## TASK REQUIREMENTS
In the entries that follow, locate the line with "HYUNDAI I20 '2018 ESSENCE ROJO", then restate that line and all later lines exactly as they appear, leaving pictures out.

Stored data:
____________

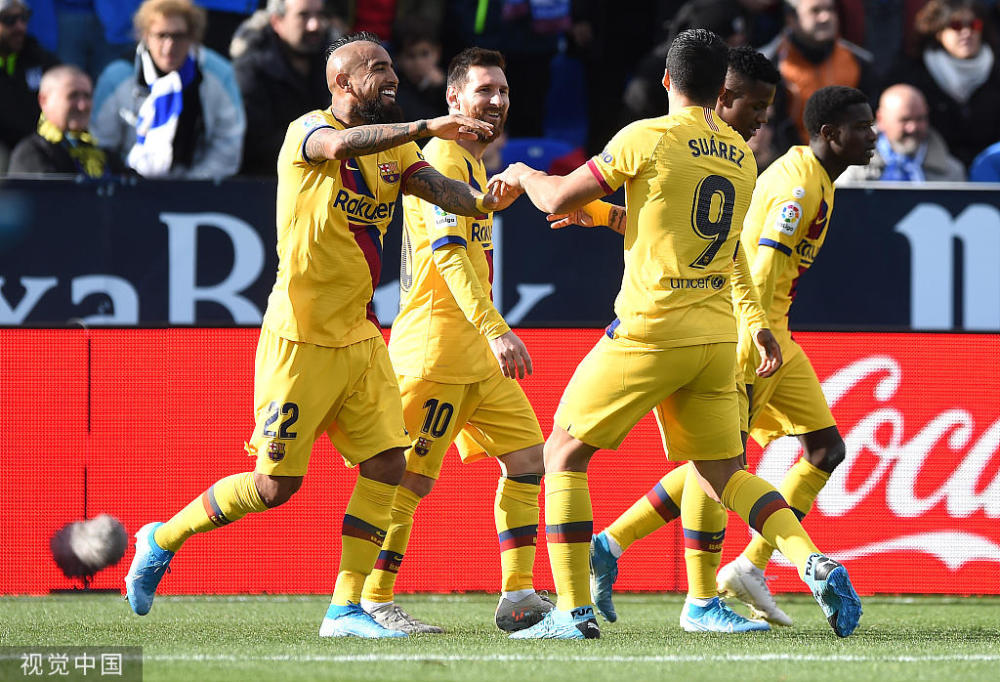 瑞士绝杀德国,苏亚雷斯送出助攻 瑞士绝杀德国,苏亚雷斯送出助攻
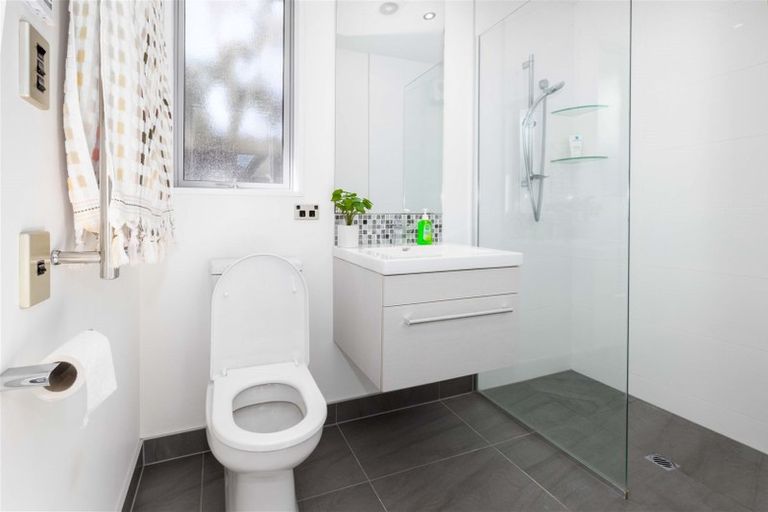 Photo of property in 37a Country Palms Drive, Halswell, Christchurch, 8025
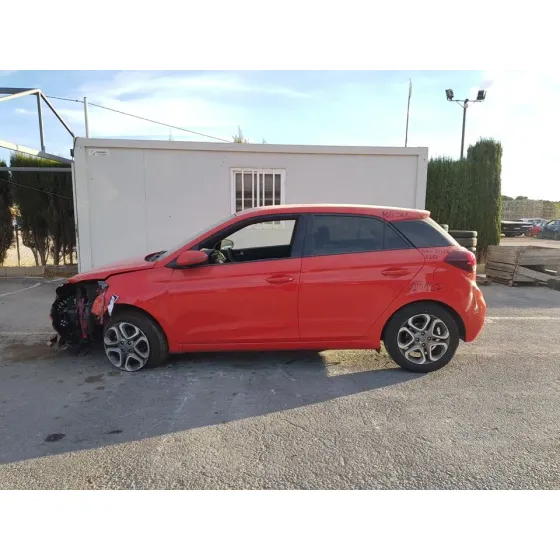 HYUNDAI I20 '2018 ESSENCE ROJO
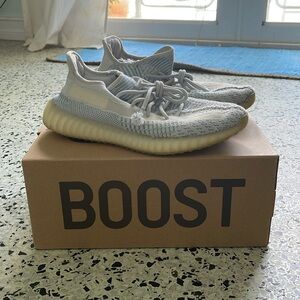 Yeezy 350 v2 Boost cloud white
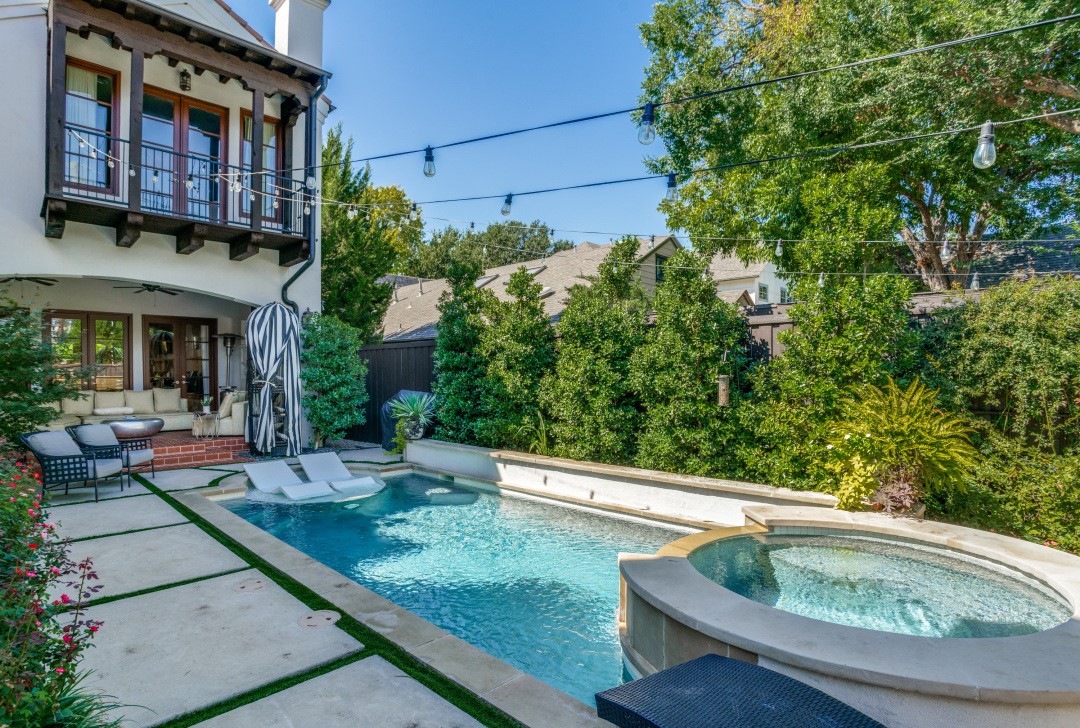 4432 Mockingbird Parkway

____________

## EXERCISE RESPONSE
 HYUNDAI I20 '2018 ESSENCE ROJO
 Yeezy 350 v2 Boost cloud white
 4432 Mockingbird Parkway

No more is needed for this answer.